Truth to tell, a sudden exhilaration and excitement had wakened up John's latent forces,--Maryllia's eyes, glancing half timidly, half wistfully at him, and her fair face, slightly troubled in its expression, had moved him to an exertion of his best powers to please her, and make everything bright and gay around her. Instinct told him that some secret annoyance fretted her--and watching her looks, and noting the monosyllabic replies she gave to Lord Roxmouth whenever that distinguished personage addressed her, he decided, with a foolish thrill at his heart, that the report of her intended marriage with this nobleman could not be true--she could never look so coldly at anyone she loved! And with this idea paramount in his brain he gave himself up to the humour of the hour--and by and by heads were turned in his direction, and people whispered--'Is that the parson of the parish?'--and when the answer was given in the affirmative, wondering glances were exchanged, and someone at the other end of the table remarked sotto voce:--'Much too brilliant a man for the country!'--whereat Miss Arabella Ittlethwaite bridled up and said she 'hoped nobody thought that town offered the only samples of the human brain worth noticing,' as she would, in that case, 'beg to differ.' Whereat there ensued a lively discussion, which ended, so far as the general experience went, in the decision that clever men were always born or discovered in the country, but that after a while they invariably went up to town, and there became famous.

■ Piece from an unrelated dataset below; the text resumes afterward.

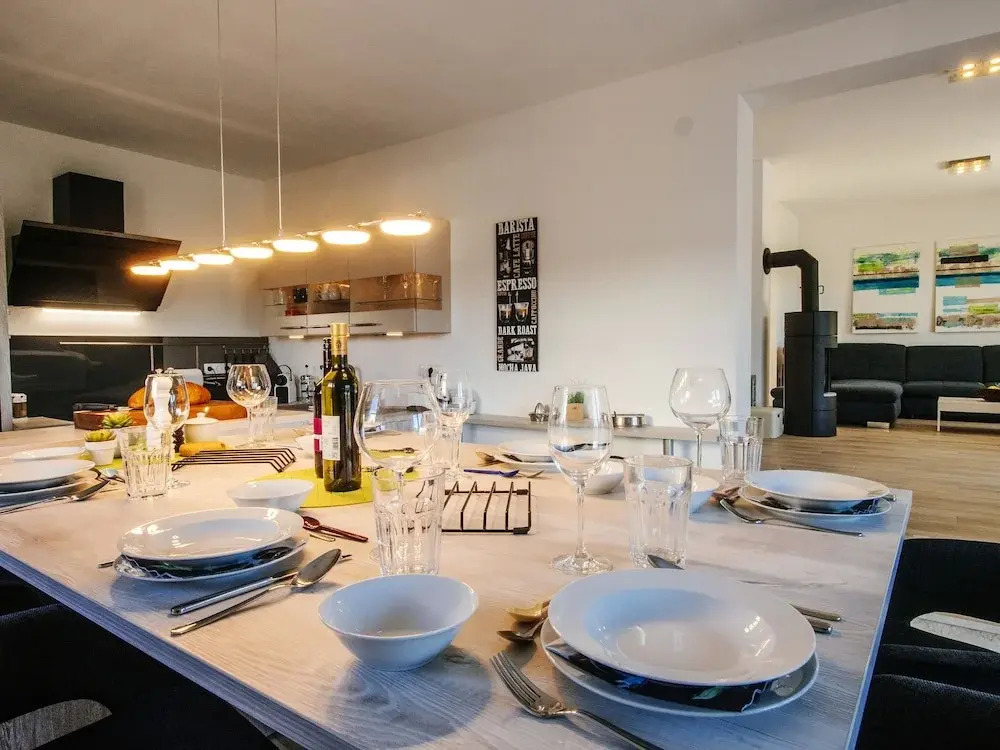 Luxurious Villa Near Vir With Swimming Pool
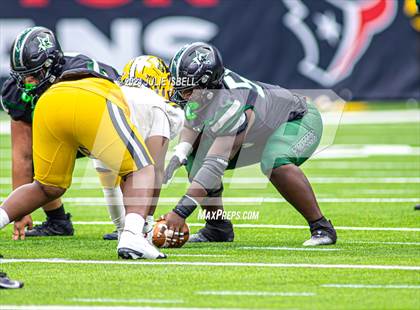 Thumbnail 1 in Fort Bend Marshall vs. Iowa Colony (UIL 5A- D2 Football Regional Semi)  photogallery.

Presently, the dinner drawing to an end, dessert, coffee and the smoking conveniences for both ladies and gentlemen were handed round,--cigars for the gentlemen, cigarettes for both gentlemen and ladies. All the women helped themselves to cigarettes, as a matter of course, with the exception of Miss Ittlethwaite,--(who, as a 'county' lady of the old school, sat transfixed with horror at the bare idea of being expected to smoke)--poor old Miss Fosby, and Maryllia. And now occurred an incident, in itself trifling, but fraught with strange results to those immediately concerned. Lady Beaulyon was just about to light her own cigarette when, in obedience to a sudden thought that flashed across her brain, she turned her lovely laughing face round towards Walden, and said: "As there's a clergyman present, I'm sure we ought to ask his permission before we light up! Don't you think it very shocking for women to smoke, Mr. Walden?"
He looked straight at her--his face paling a little with a sense of strongly suppressed feeling.
"I have always been under the impression that English ladies never smoke,"--he said, quietly, with a very slight emphasis on the word 'ladies.' "The rest, of course, must do as they please!"